[Opening Extracted data section]

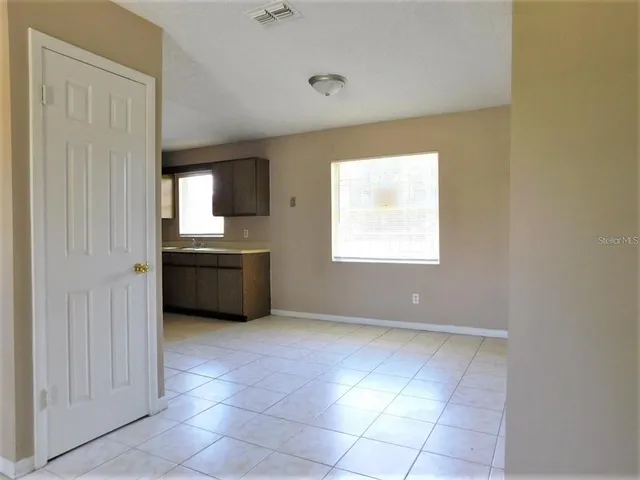 $1,850 | 1518 Frazier Avenue, Orlando, FL 32811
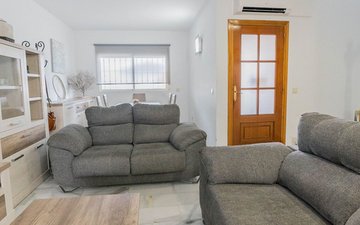 Слайд недвижимости 9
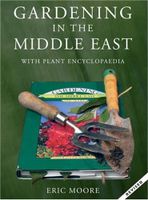 Gardening in the Middle East Gardening in the Middle East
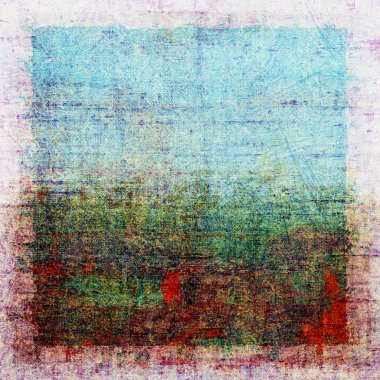 narin soyut dokulu eski grunge arka plan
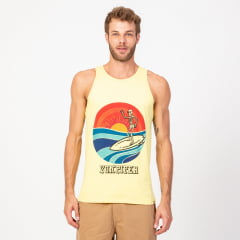 Regata Surf or Die Regata Surf or Die
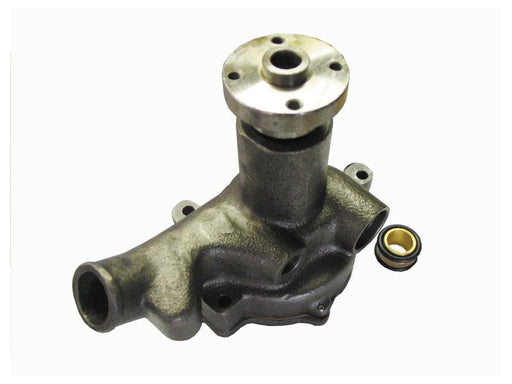 Bomba de água (S.63382)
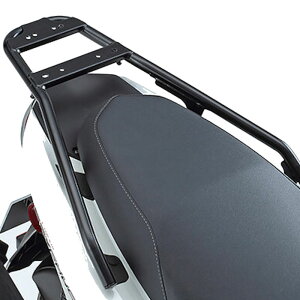 YAMAHA }n Q5KYSK129E01 ALA CYGNUS GRYPHUS VOiXOt@X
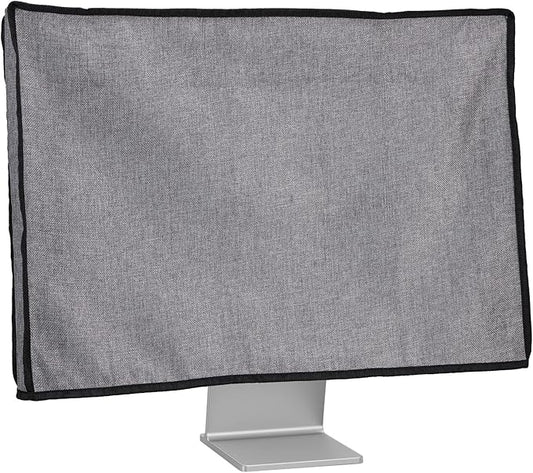 kwmobile Dust Cover for 24-26" Monitor by kwmobile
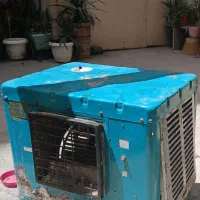 فروش کولر دستی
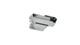 Harwin G125-96400-04-04-00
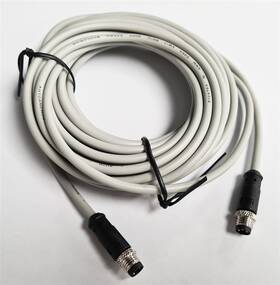 Sp4156 Maxwell Sensor Cable Pack Aa 150 And 560 6.5m 21.3ft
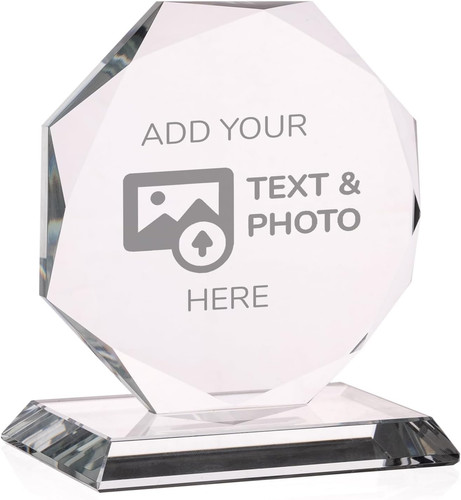 Trofeo personalizzato in - trofeo,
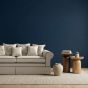 Hussensofa Dorchester von Costalhomes mit Husse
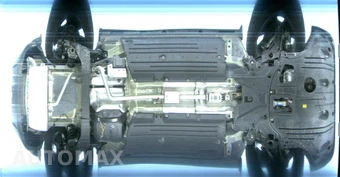 2026 Hyundai Kona SEL Sport - miniatura 18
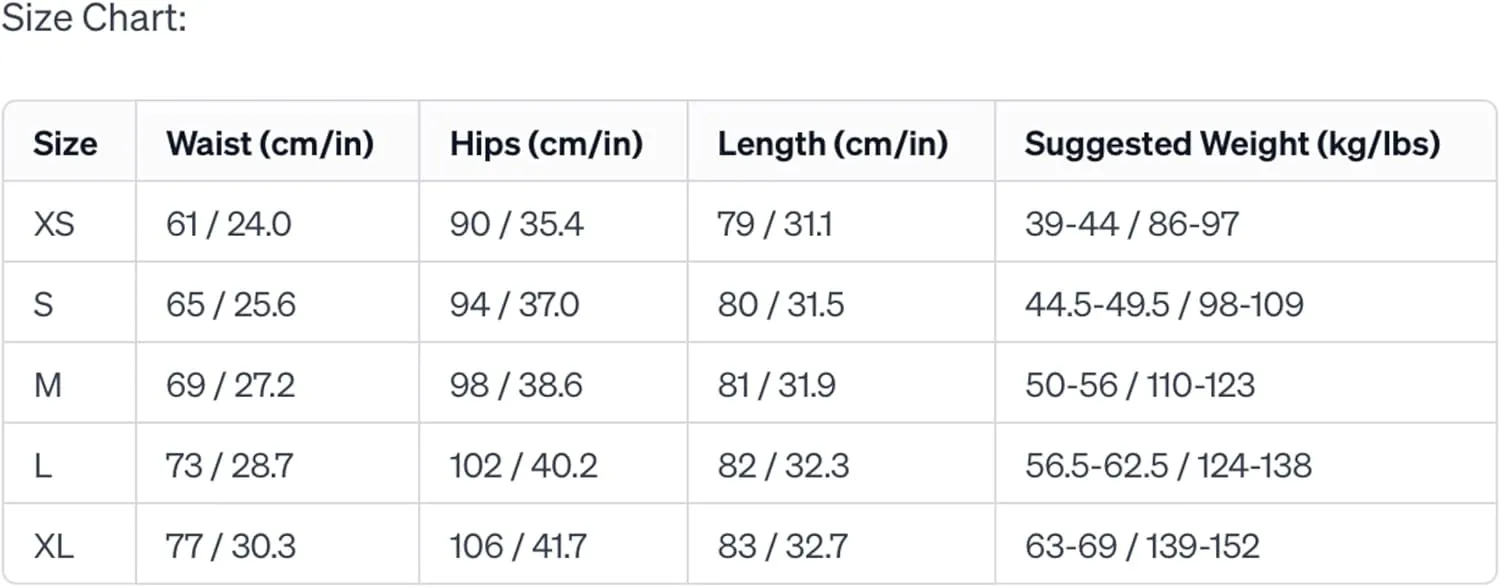 Drawstring Multi-Pocket Denim Cargo Skirt - Y2K Maxi Long Skirt for Women High Waisted Streetwear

[Closing Extracted data section]

## Exercise instructions
Please set down exactly the lines from the one holding "Gardening in the Middle East Gardening" through the last line of the entries, both ends included, and skip pictures.

## Solution to the problem
 Gardening in the Middle East Gardening in the Middle East
 narin soyut dokulu eski grunge arka plan
 Regata Surf or Die Regata Surf or Die
 Bomba de água (S.63382)
 YAMAHA }n Q5KYSK129E01 ALA CYGNUS GRYPHUS VOiXOt@X
 kwmobile Dust Cover for 24-26" Monitor by kwmobile
 فروش کولر دستی
 Harwin G125-96400-04-04-00
 Sp4156 Maxwell Sensor Cable Pack Aa 150 And 560 6.5m 21.3ft
 Trofeo personalizzato in - trofeo,
 Hussensofa Dorchester von Costalhomes mit Husse
 2026 Hyundai Kona SEL Sport - miniatura 18
 Drawstring Multi-Pocket Denim Cargo Skirt - Y2K Maxi Long Skirt for Women High Waisted Streetwear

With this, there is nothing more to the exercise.